> Instructions to follow
The response should be the records below, repeated exactly, with each picture left out.

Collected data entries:
Start of Block
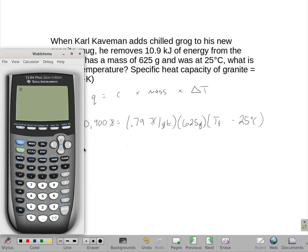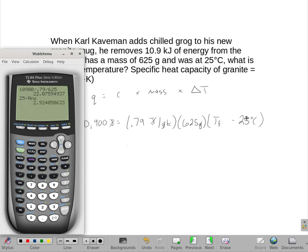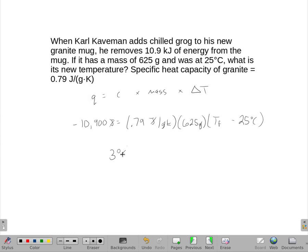Got a good starting point. I am going to take negative 10,900 and divide it by 0.79 and by 625, and I get this number — it should be negative. That should be equal to Tf minus 25. So I take 25 and subtract that number, since it should have had a negative in front of it. And I get 2.9, but since I really only have the ones place because of significant figures on this number, the answer has to be 3 degrees Celsius.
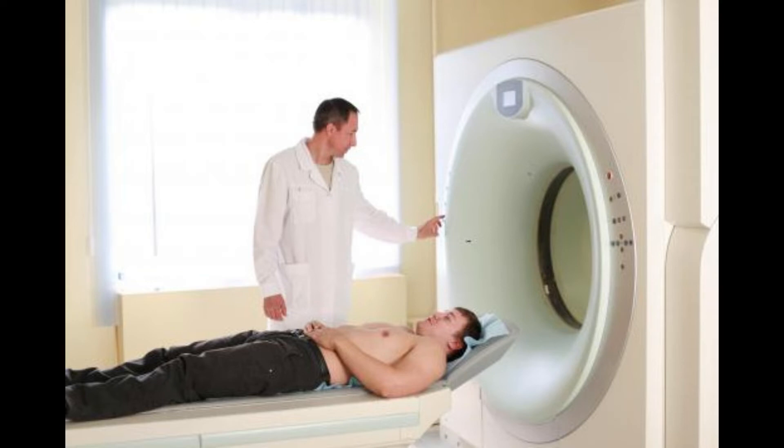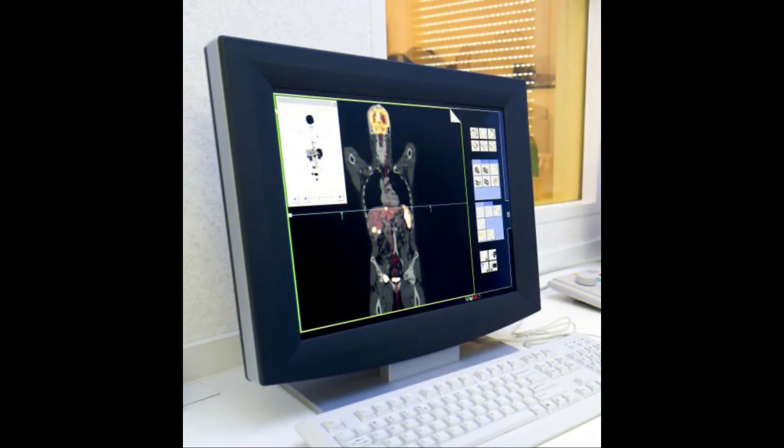A gamma camera, PET scanner, and probe measure the gamma rays. A computer then helps to determine how much radiotracer is being absorbed by those areas. The computer also takes pictures of the targeted areas, which indicates its structure and functioning ability, including blood flow, oxygen usage, and glucose metabolism.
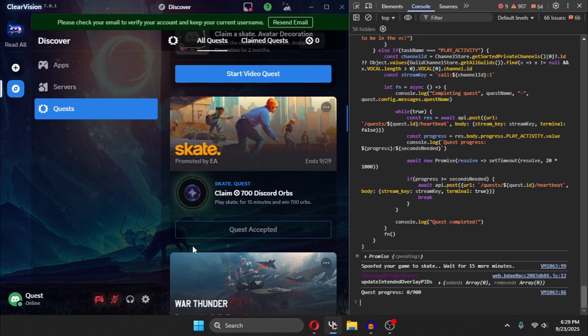After that, as you can see, this will turn in green and the quest will automatically start doing. And this will complete the quest.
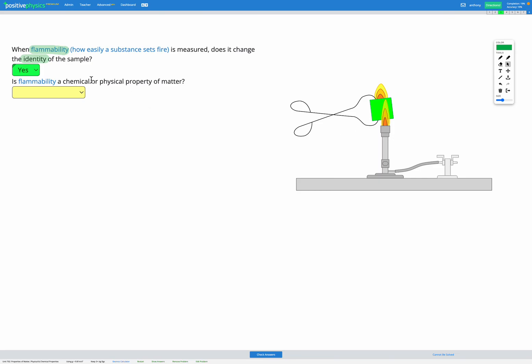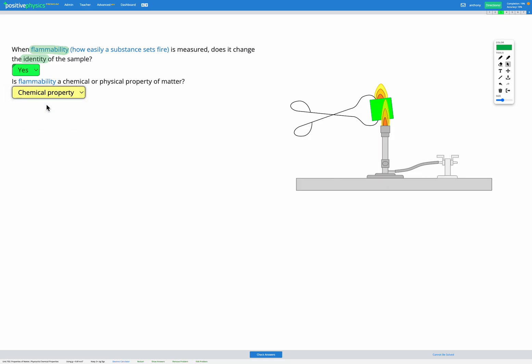The next question asks, is flammability a chemical or physical property? Chemical properties, when tested, the identity of the sample does change. Since the identity did change, flammability must be a chemical property.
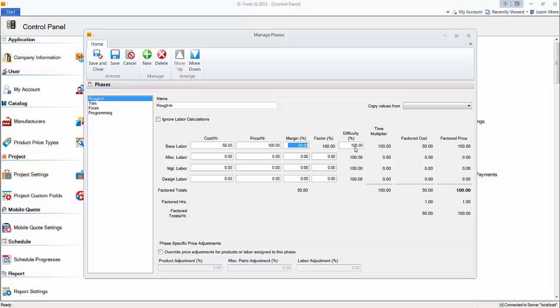Don't change this difficulty percentage, that should always be 100 out here. You could change it within a project, and that would simply affect the hours. So, for Rough-in, say, you create a project, inside of that project slash job, I could change the difficulty to, say, 200%, and that would double the hours for all the products that I've added that are in the Rough-in phase. That way, it saves you from having to edit each individual item. But here, globally, leave it 100.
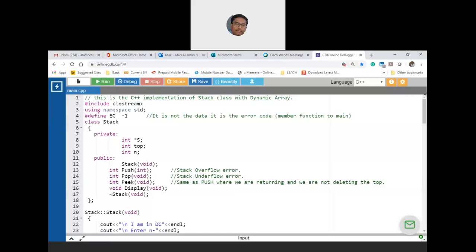A couple of announcements: some students missed quiz 2, and the other class is okay with Monday. I need confirmation from your class to conduct quiz 2 again for those who missed it — this being the first online opportunity, around 18 students were unable to take the quiz due to networking issues. Shall I conduct quiz 2 on Monday evening at 4 to 4:10? No problem from students. Also, those who are present can also take the quiz to improve their scores — the highest of the two will be taken.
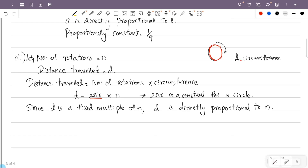The proportionality constant is 2πr, which is the circumference of the circle.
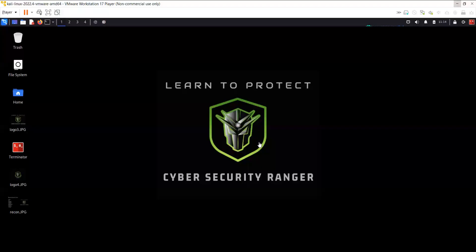Hello and welcome to my YouTube channel, CyberScoutyRanger. Before I begin, I would like to request you to please subscribe to my channel.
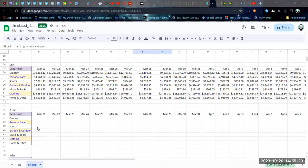All right. In this video, we're going to look at how to calculate profit. Essentially, profit is sales minus cost.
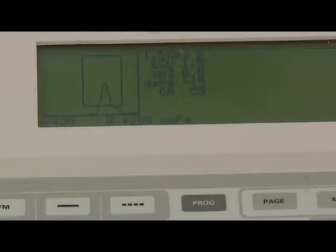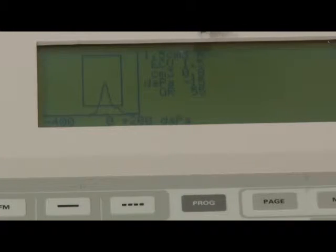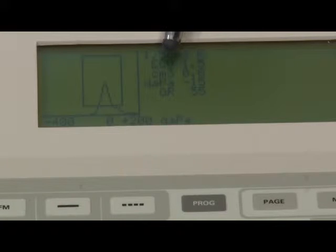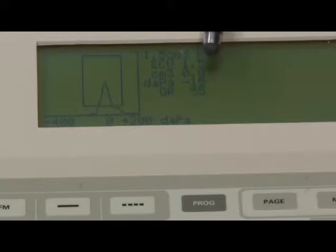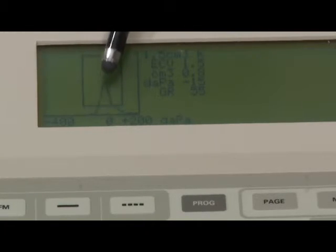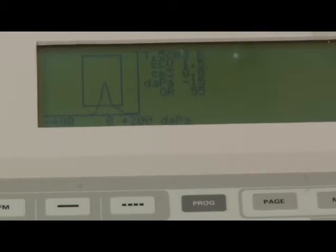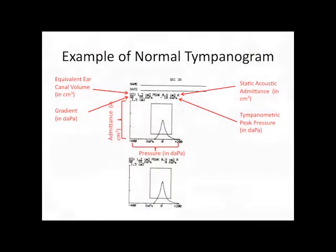This is an example of a normal tympanogram with an ear canal volume of 1.5, a static acoustic admittance of 0.8, and negative 15 decapascals. You can see that it has a peak there, and that's normal as well. After you're finished, you can print out the results. Here's an example of what the results may look like.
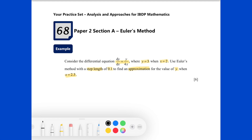In order to perform this, we are going to set up a recurrence relation connecting x_n and x_{n+1}, and connecting y_n and y_{n+1}. For the independent variable x, we can consider using x_{n+1} equals the previous x coordinate x_n plus 0.1, where 0.1 is the step length.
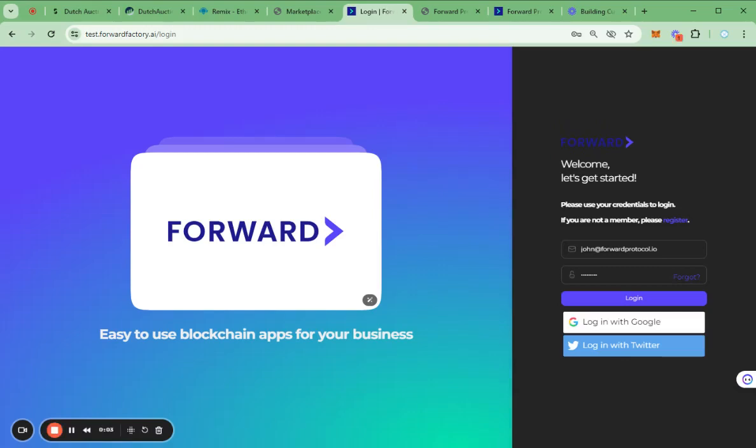Hello everyone, it's great to see all of you and welcome to our class. I'm John, a smart contract and Web3 developer, currently working as a template builder in the Forward team.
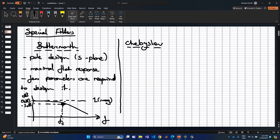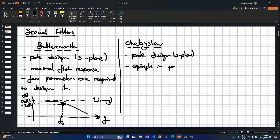The Chebyshev filter also uses a pole design in the s-plane. However, it does not create a maximally flat response; instead it produces equiripple in the passband regions and a faster roll-off (fastest decrease) in the stopband.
End of Block
> Reply
Got a good starting point. I am going to take negative 10,900 and divide it by 0.79 and by 625, and I get this number — it should be negative. That should be equal to Tf minus 25. So I take 25 and subtract that number, since it should have had a negative in front of it. And I get 2.9, but since I really only have the ones place because of significant figures on this number, the answer has to be 3 degrees Celsius.
A gamma camera, PET scanner, and probe measure the gamma rays. A computer then helps to determine how much radiotracer is being absorbed by those areas. The computer also takes pictures of the targeted areas, which indicates its structure and functioning ability, including blood flow, oxygen usage, and glucose metabolism.
After that, as you can see, this will turn in green and the quest will automatically start doing. And this will complete the quest.
The next question asks, is flammability a chemical or physical property? Chemical properties, when tested, the identity of the sample does change. Since the identity did change, flammability must be a chemical property.
Don't change this difficulty percentage, that should always be 100 out here. You could change it within a project, and that would simply affect the hours. So, for Rough-in, say, you create a project, inside of that project slash job, I could change the difficulty to, say, 200%, and that would double the hours for all the products that I've added that are in the Rough-in phase. That way, it saves you from having to edit each individual item. But here, globally, leave it 100.
A couple of announcements: some students missed quiz 2, and the other class is okay with Monday. I need confirmation from your class to conduct quiz 2 again for those who missed it — this being the first online opportunity, around 18 students were unable to take the quiz due to networking issues. Shall I conduct quiz 2 on Monday evening at 4 to 4:10? No problem from students. Also, those who are present can also take the quiz to improve their scores — the highest of the two will be taken.
The proportionality constant is 2πr, which is the circumference of the circle.
Hello and welcome to my YouTube channel, CyberScoutyRanger. Before I begin, I would like to request you to please subscribe to my channel.
All right. In this video, we're going to look at how to calculate profit. Essentially, profit is sales minus cost.
This is an example of a normal tympanogram with an ear canal volume of 1.5, a static acoustic admittance of 0.8, and negative 15 decapascals. You can see that it has a peak there, and that's normal as well. After you're finished, you can print out the results. Here's an example of what the results may look like.
In order to perform this, we are going to set up a recurrence relation connecting x_n and x_{n+1}, and connecting y_n and y_{n+1}. For the independent variable x, we can consider using x_{n+1} equals the previous x coordinate x_n plus 0.1, where 0.1 is the step length.
Hello everyone, it's great to see all of you and welcome to our class. I'm John, a smart contract and Web3 developer, currently working as a template builder in the Forward team.
The Chebyshev filter also uses a pole design in the s-plane. However, it does not create a maximally flat response; instead it produces equiripple in the passband regions and a faster roll-off (fastest decrease) in the stopband.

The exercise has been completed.